Observations 1 and 2 can be formalised in the following claim:

Claim 1: Let $2^a \leq n < 2^{a+1}$. Then $n + f(n) = 2^{a+1} - 1$.

Now that we have a relatively closed-form formula for $f(n)$, we can try to substitute it directly into the summation and simplify it. However, from observation 2, a slightly better way would be to start with $n$ such that the summation consists of complete “power of 2” groups.

The following claim gives the closed-form formula for a “power of 2” group (and is easily proved by summing up Claim 1 for various values of $n$:

Claim 2: $\displaystyle\sum_{k = 2^a}^{2^{a+1} - 1} f(k) = 2^{a-1}(2^a - 1)$.

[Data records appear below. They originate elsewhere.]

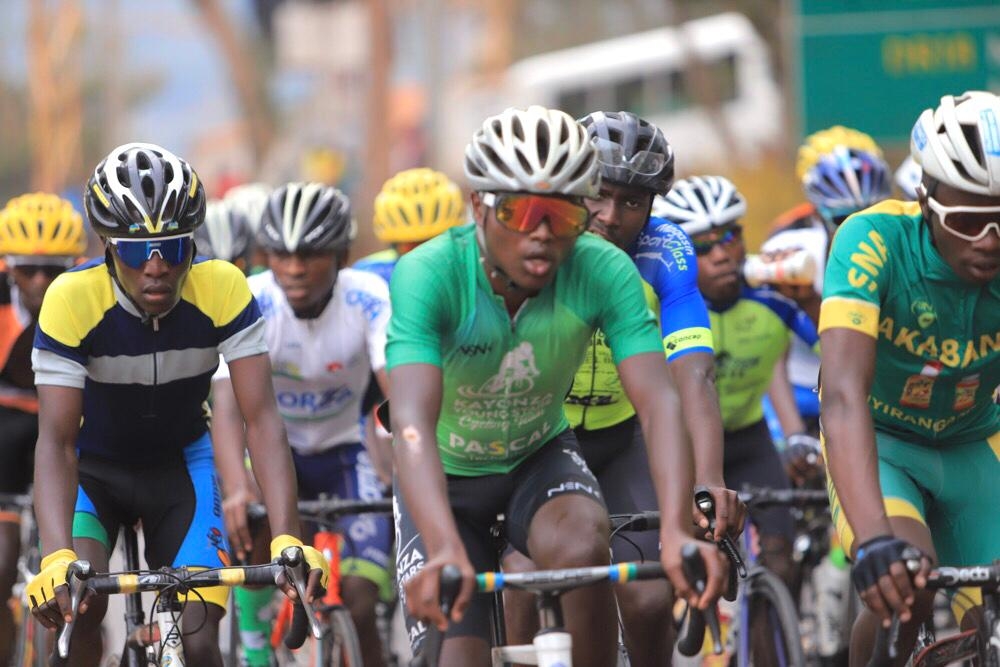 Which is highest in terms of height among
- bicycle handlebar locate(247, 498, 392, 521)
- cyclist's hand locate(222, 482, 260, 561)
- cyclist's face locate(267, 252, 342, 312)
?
cyclist's face locate(267, 252, 342, 312)

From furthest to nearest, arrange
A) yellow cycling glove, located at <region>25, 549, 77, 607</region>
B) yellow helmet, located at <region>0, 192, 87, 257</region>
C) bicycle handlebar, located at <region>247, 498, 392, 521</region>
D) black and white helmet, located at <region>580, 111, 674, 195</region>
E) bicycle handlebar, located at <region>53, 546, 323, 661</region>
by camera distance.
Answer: yellow helmet, located at <region>0, 192, 87, 257</region>, bicycle handlebar, located at <region>247, 498, 392, 521</region>, black and white helmet, located at <region>580, 111, 674, 195</region>, yellow cycling glove, located at <region>25, 549, 77, 607</region>, bicycle handlebar, located at <region>53, 546, 323, 661</region>

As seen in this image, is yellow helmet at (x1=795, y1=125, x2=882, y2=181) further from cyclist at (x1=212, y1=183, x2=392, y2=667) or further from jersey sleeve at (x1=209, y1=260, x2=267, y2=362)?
jersey sleeve at (x1=209, y1=260, x2=267, y2=362)

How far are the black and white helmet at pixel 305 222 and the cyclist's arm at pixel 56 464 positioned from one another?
2654 millimetres

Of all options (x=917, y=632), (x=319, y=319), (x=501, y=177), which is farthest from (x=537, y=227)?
(x=319, y=319)

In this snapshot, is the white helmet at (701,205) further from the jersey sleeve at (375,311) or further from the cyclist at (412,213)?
the cyclist at (412,213)

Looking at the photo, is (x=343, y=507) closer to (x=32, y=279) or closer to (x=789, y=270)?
(x=789, y=270)

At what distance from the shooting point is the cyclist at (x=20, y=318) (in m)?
9.74

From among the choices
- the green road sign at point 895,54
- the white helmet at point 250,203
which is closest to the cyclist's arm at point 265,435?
the white helmet at point 250,203

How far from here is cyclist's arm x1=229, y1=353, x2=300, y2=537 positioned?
6898 mm

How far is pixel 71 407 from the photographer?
22.0 feet

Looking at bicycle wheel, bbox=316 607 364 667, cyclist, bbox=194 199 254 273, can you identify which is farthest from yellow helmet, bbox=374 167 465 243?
bicycle wheel, bbox=316 607 364 667

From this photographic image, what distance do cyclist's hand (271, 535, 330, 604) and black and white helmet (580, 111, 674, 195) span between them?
6.10 feet

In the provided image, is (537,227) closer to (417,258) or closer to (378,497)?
(417,258)

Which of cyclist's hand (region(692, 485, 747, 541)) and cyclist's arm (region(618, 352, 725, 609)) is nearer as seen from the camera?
cyclist's arm (region(618, 352, 725, 609)) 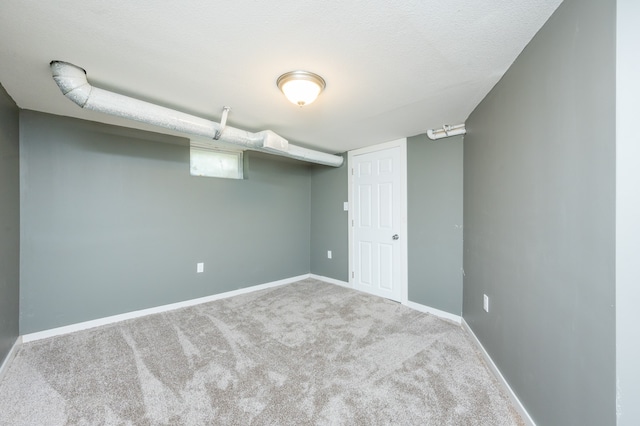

We can then use Claim 2 repeated to calculate the given summation for $n$ of the form $2^a - 1$. When $n = 2^a - 1$,

\begin{aligned} \sum_{k = 1}^n f(k) &= \sum_{i = 0}^{a-1} \sum_{k=2^i}^{2^{i+1} - 1} f(k) \\ &= \sum_{i = 0}^{a-1} 2^{i-1}(2^i - 1) \\ &= ... \\ &= \frac{2}{3}(2^a + 1)(2^{a-2} - 1) + 1. \end{aligned}

Getting to the general case is just a matter of adding the incomplete “power of 2” group:

Claim 3: Let $n = 2^a + r$ with $0 \leq r < 2^a$. Then

$\displaystyle\sum_{k=1}^n f(k) = \frac{2}{3}(2^a + 1)(2^{a-2} - 1) + 1 + (r+1)(2^a-1) - \frac{r(r+1)}{2}.$

To complete the proof, it remains to show that

$\displaystyle\frac{2}{3}(2^a + 1)(2^{a-2} - 1) + 1 + (r+1)(2^a-1) - \frac{r(r+1)}{2} \leq \frac{(2^a + r)^2}{4}$

for all possible $a$ and $0 \geq r < 2^a$. After multiplying by 12 and canceling terms, the above is equivalent to proving that

$2^{2a} - 3\cdot 2^{a+1}r - 3 \cdot 2^{a+1} + 9r^2 + 18r + 8 \geq 0.$

The $2^{2a}$ and $9r^2$ terms should make one think about completing the square. In fact, it turns out that the above is equivalent to

\begin{aligned} [2^a - 3(r+1)]^2 - 1 &\geq 0, \\ [2^a - 3(r+1)]^2 &\geq 1. \end{aligned}

Can $2^a - 3(r+1)$ ever be zero? Well, it can’t because $2^a$ is never a multiple of 3 while $3(r+1)$ always is. Hence, $[2^a - 3(r+1)]^2$ can only take on positive square values, and so the inequality above is obvious.

When does equality hold? It holds when

\begin{aligned} [2^a - 3(r+1)]^2 &= 1, \text{ or} \\ 2^a &= 3(r+1) \pm 1. \end{aligned}

Done!